3 Troubles to Tackle for Accelerated Ticket Resolution

Service desks succeed by resolving as many tickets as quickly as possible. IT service management (ITSM) and customer service management (CSM) team leaders understand and accept this reality, but while the concept is simple, there's another reality to take into consideration: tickets don't stop pouring in, ever. It's easy for management to hand down ticket reduction initiatives, but it's easier said than done when you're buried under an avalanche of service tickets and the SLA clocks are ticking.

Teams are facing increased pressure to perform with limited resources while managing the day-to-day, and the extra productivity has to come from somewhere. The solution stems from complete transparency into ticket resolution processes. Once ITSM and CSM leaders can actually see where processes are encountering bottlenecks, inefficiencies, and noncompliance, they can drive change within their organizations and improve key performance indicators. The good news for service desks is that there are intelligent solutions to achieve exactly that type of transparency.

Imagine if, in the scenarios below, you had technology that attaches to all the event logs in your call center or service tech system, like ServiceNow. By visualizing the processes in your system you can see where things are actually getting held up, for how long, and how often in aggregate. This approach allows you to target process change and optimize productivity in your organization rather than using siloed data that does not tell the whole story.

In working with global Fortune 500 companies to improve their IT and customer service initiative,s we found these three situations most often pinpointed for improvement.

Multi-Hop Tickets

The dreaded multi-hop ticket is the top culprit that slows down ticket resolution time. If a ticket gets assigned to a team that is unable or unwilling to solve the issue, it ends up assigned to another team (or teams). The problem starts to become more expensive when tickets are escalated from low-cost units to high-cost units, as throughput times and financial costs rise with each ticket reassignment. An overabundance of multi-hop tickets signals the need for deeper investigation, and knowing where to look can be tricky.

In most cases, the solution to multi-hops tends to be additional training and education, but the difficulty is knowing which teams need training on which issues. Pinpointing the use cases that make the hops happen is the best way to boost productivity with a more frictionless path.

High Manual Effort

If a service team is averaging 30 minutes to resolve a ticket, but repetitive manual tasks like data entry are taking up 10 of those minutes, there's a clear case for reducing the workload with automation to speed up ticket resolution. An initial warning sign of high manual effort could be a surplus of multi-hop tickets or an abnormally high average ticket resolution time.

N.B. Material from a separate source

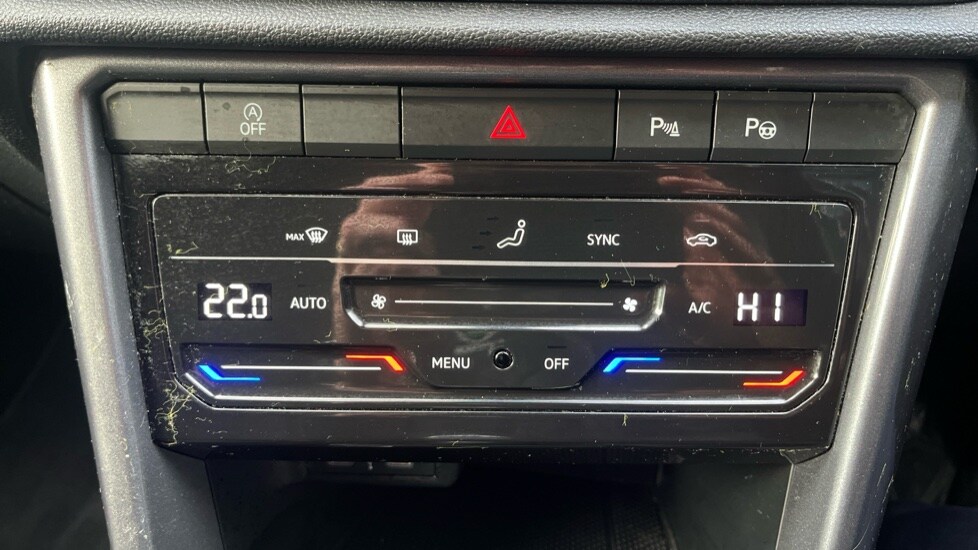 Used Volkswagen T-Roc 2023 for sale - 76575221: Photo 40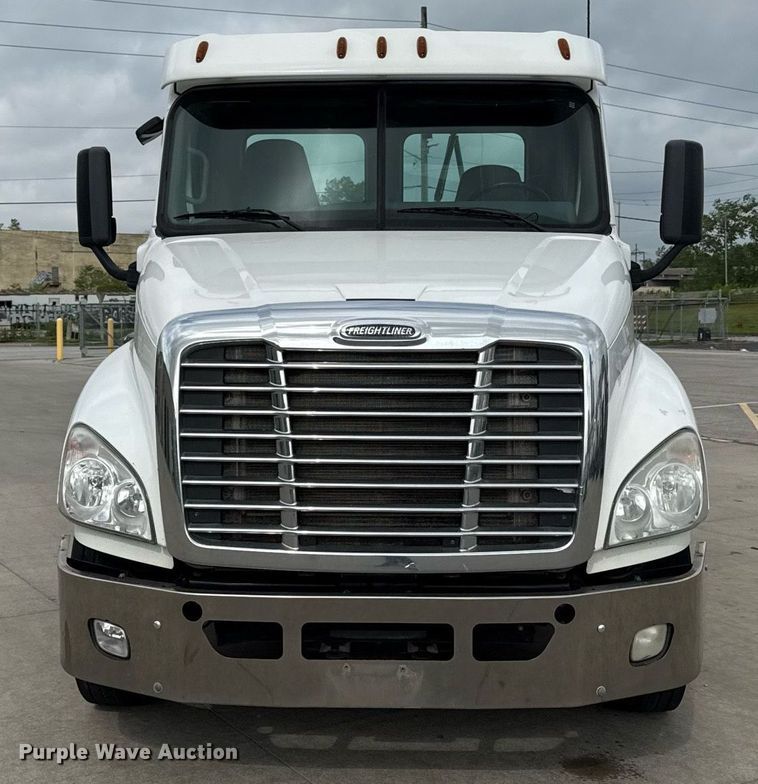 image for item DS4277 2016 Freightliner Cascadia semi truck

Implementing automation to cut down on manual effort means that human workers can focus on more complex tasks that require creativity or strategic thinking. By being able to see where to best focus, companies can identify areas of high manual work that are ripe for automation.

High Average Ticket Resolution Cost

Imagine a company wants to cut the total customer interactions that result in service tickets from 3 percent to 2 percent. Hypothetically, if the average cost to resolve a certain category of ticket via the CSM team is $7, but the average cost to simply refund a customer is $5, then the company could actually remove the need to service that category and still save money, all while improving customer satisfaction.

The term shift left means empowering people to solve problems earlier in the resolution process, and it's not limited to service desk team members. If the financial cost of resolving high-priority tickets is too high, it could mean that a shift left is in order. In addition to self-service options, lower level teams could be trained up to handle more complex problems if certain categories of ticket turn out to be common. The key is to identify areas best suited for a shift left and make the requisite process changes intelligently instead of haphazardly.

ITSM and CSM teams are discovering that the fastest and easiest approach to service desk improvement comes from a category of intelligent business systems that creates total transparency into how service desk processes are functioning. The underlying technology that powers these systems is called process mining, which uses the event logs that exist within all IT systems to visually recreate and analyze how processes are really running. Using this technology, some of the world's most respected businesses are leading the way toward efficient and effective ticket resolution, boosting productivity, and transforming their organizations.

If your help desk needs help, there's no need to file a ticket, but it just mighty be time to turn to a digital solution to drive meaningful change within your organization.


Stephan Rossbauer, Ph.D., is vice president of solution engineering at Celonis.